YOUR ASSIGNMENT
Omit the pictures, then reproduce every remaining record exactly.

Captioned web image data
▽
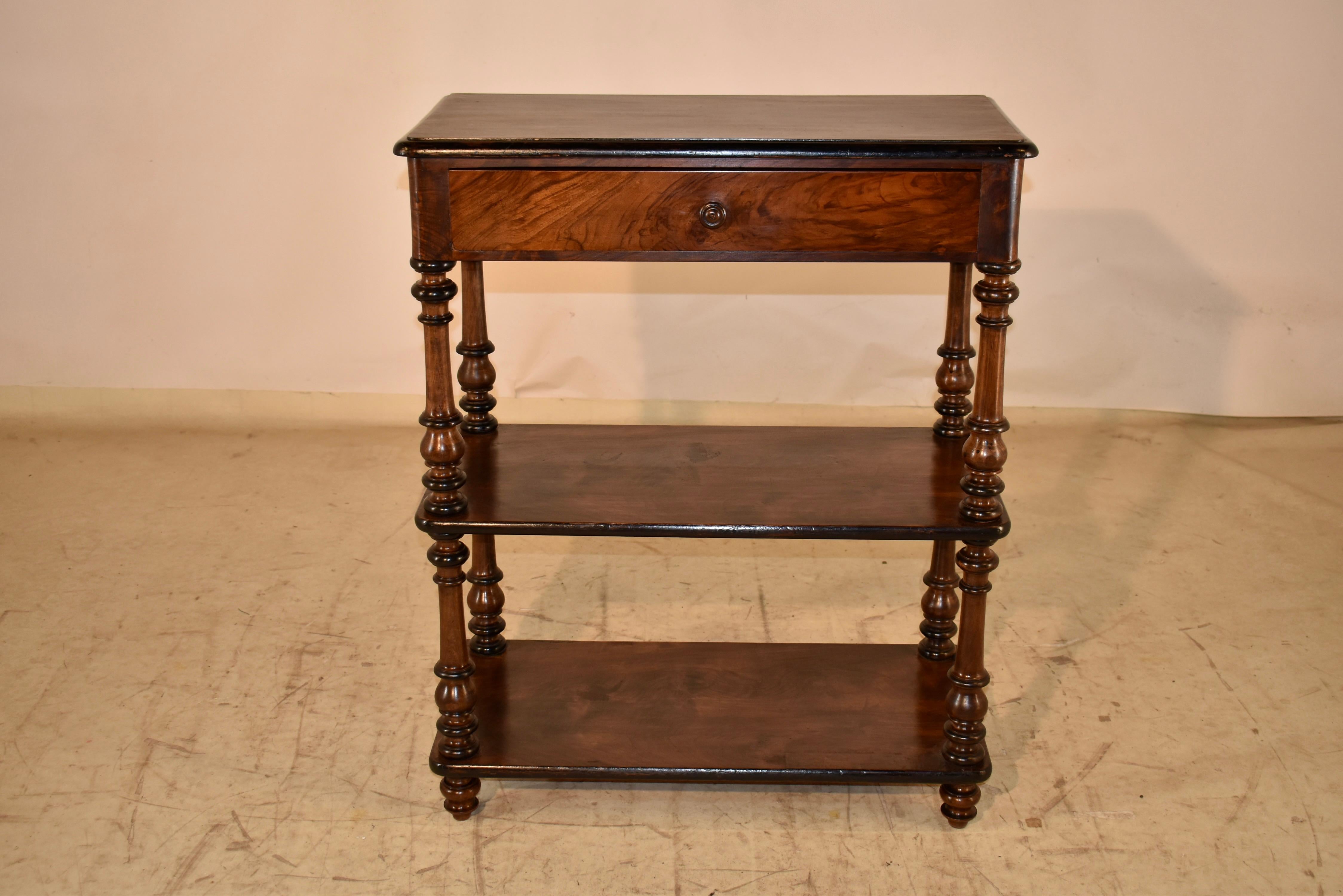 19th century walnut buffet from France in the ever-popular Louis-Philippe style.  The entire piece has wonderful graining, for a show-stopping look in any room or office!  The top has absolutely gorgeous graining, and has a beveled edge, which is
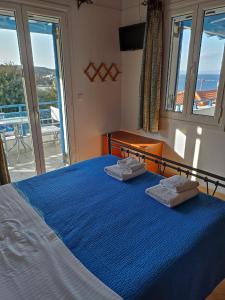 1 dormitorio con 1 cama azul y 2 toallas en Απεραντο Γαλαζιο, en Agia Pelagia - Citera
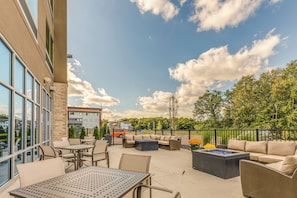 An outdoor patio area with seating and tables, a fire pit, and a view of the surrounding area.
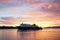 A Calmac ferry entering Oban harbour in the Scottish highlands during sunset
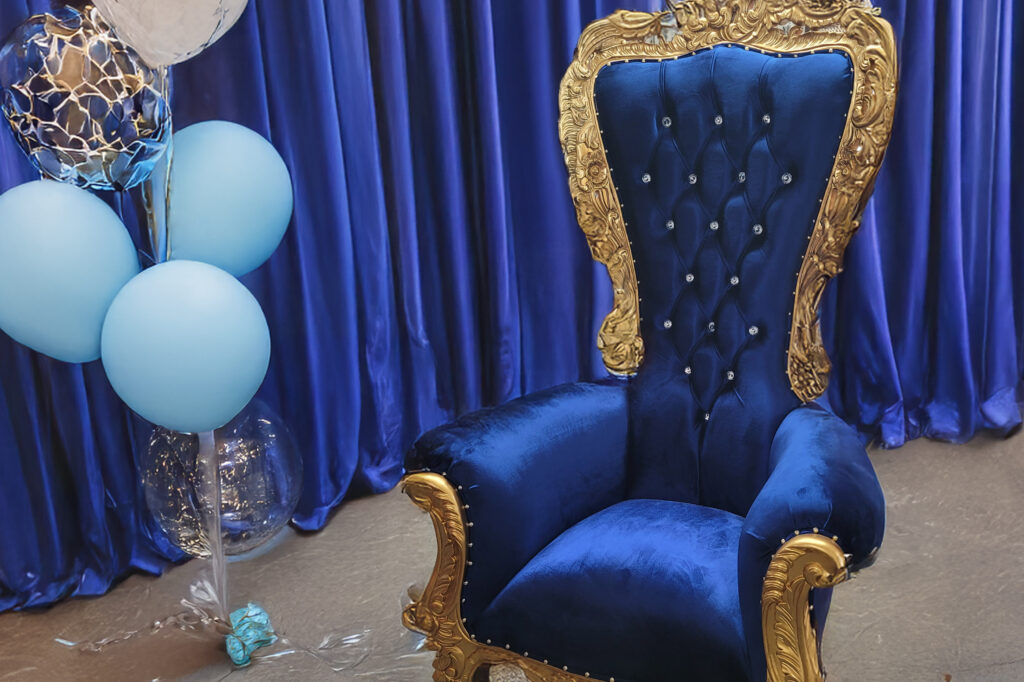 a blue and gold chair and balloons in front of a blue curtain
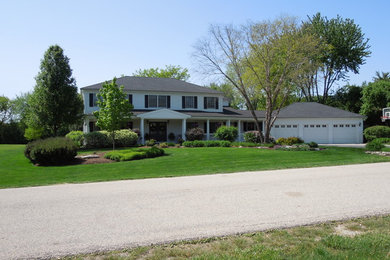 Inspiration for a large timeless white two-story vinyl house exterior remodel in Chicago with a hip roof and a shingle roof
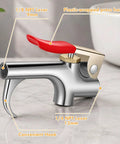 Close-up of steel blow gun nozzle with red handle, showcasing adjustable features for Four Sets Industrial Air Blow Gun Kits With Adjustable Nozzles And Steel Tips For Pneumatic Tools Built Tough To Kick Dirt And Debris Out Fast.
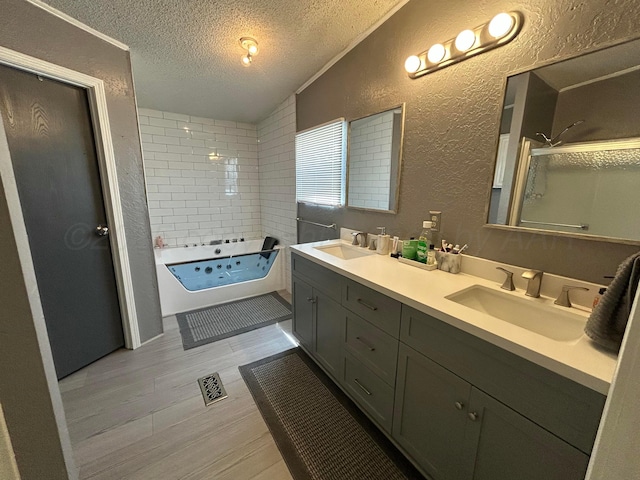 712 Groom Ave, Panhandle, TX 79068 - full bathroom with a textured wall, a textured ceiling, double vanity, a whirlpool tub, and wood finished floors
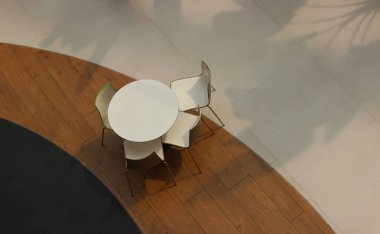 Kafede boş masa ve sandalyeler dekoratif zemin ve farklı kaplamalarla dolu.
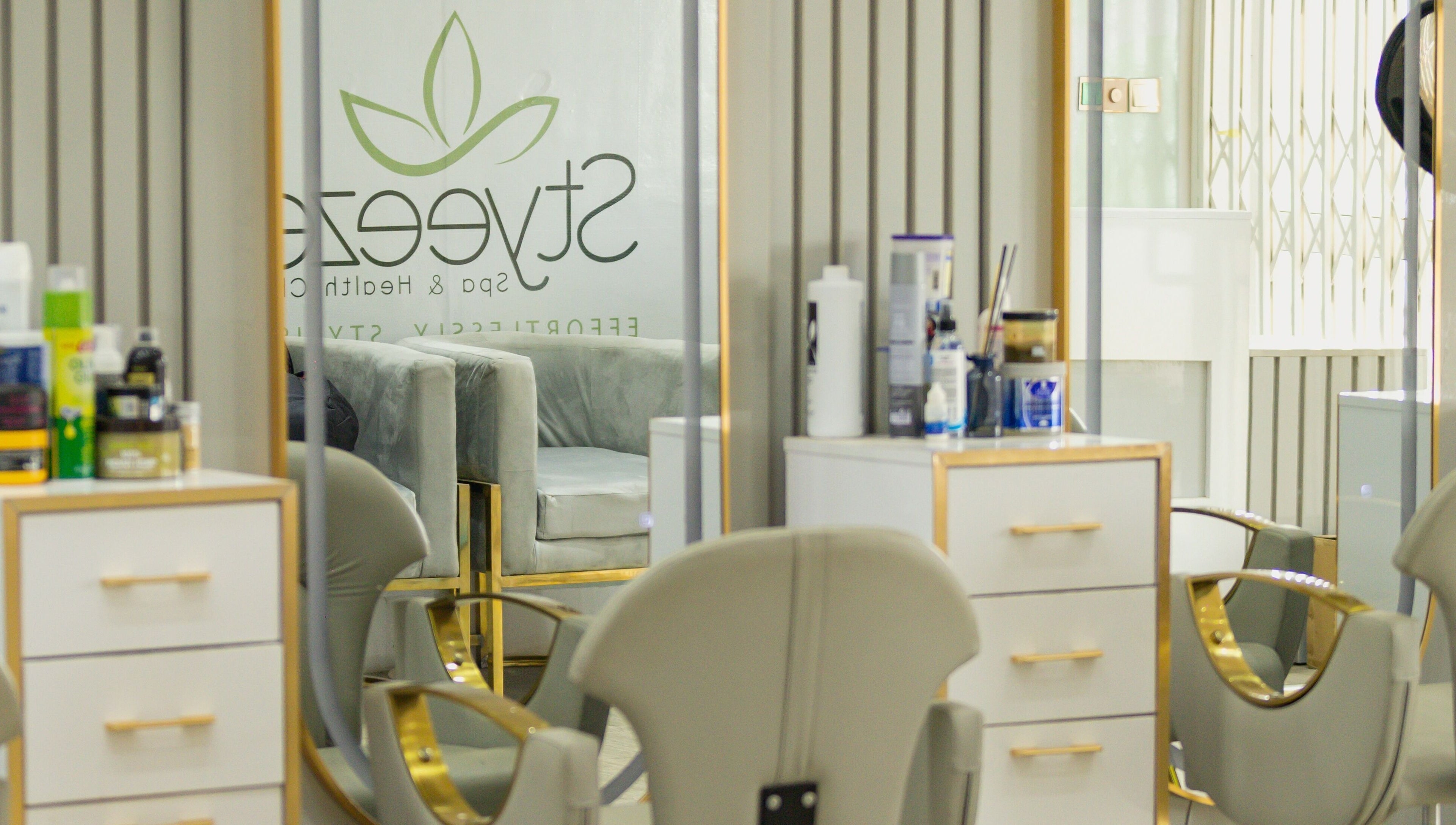 Modern salon interior at Styeeze Spa and Health Club, Greater Accra Region, GH, with stylish mirrors and chairs.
△
ANSWER TO THIS TASK
 19th century walnut buffet from France in the ever-popular Louis-Philippe style.  The entire piece has wonderful graining, for a show-stopping look in any room or office!  The top has absolutely gorgeous graining, and has a beveled edge, which is
 1 dormitorio con 1 cama azul y 2 toallas en Απεραντο Γαλαζιο, en Agia Pelagia - Citera
 An outdoor patio area with seating and tables, a fire pit, and a view of the surrounding area.
 A Calmac ferry entering Oban harbour in the Scottish highlands during sunset
 a blue and gold chair and balloons in front of a blue curtain
 Inspiration for a large timeless white two-story vinyl house exterior remodel in Chicago with a hip roof and a shingle roof
 Close-up of steel blow gun nozzle with red handle, showcasing adjustable features for Four Sets Industrial Air Blow Gun Kits With Adjustable Nozzles And Steel Tips For Pneumatic Tools Built Tough To Kick Dirt And Debris Out Fast.
 712 Groom Ave, Panhandle, TX 79068 - full bathroom with a textured wall, a textured ceiling, double vanity, a whirlpool tub, and wood finished floors
 Kafede boş masa ve sandalyeler dekoratif zemin ve farklı kaplamalarla dolu.
 Modern salon interior at Styeeze Spa and Health Club, Greater Accra Region, GH, with stylish mirrors and chairs.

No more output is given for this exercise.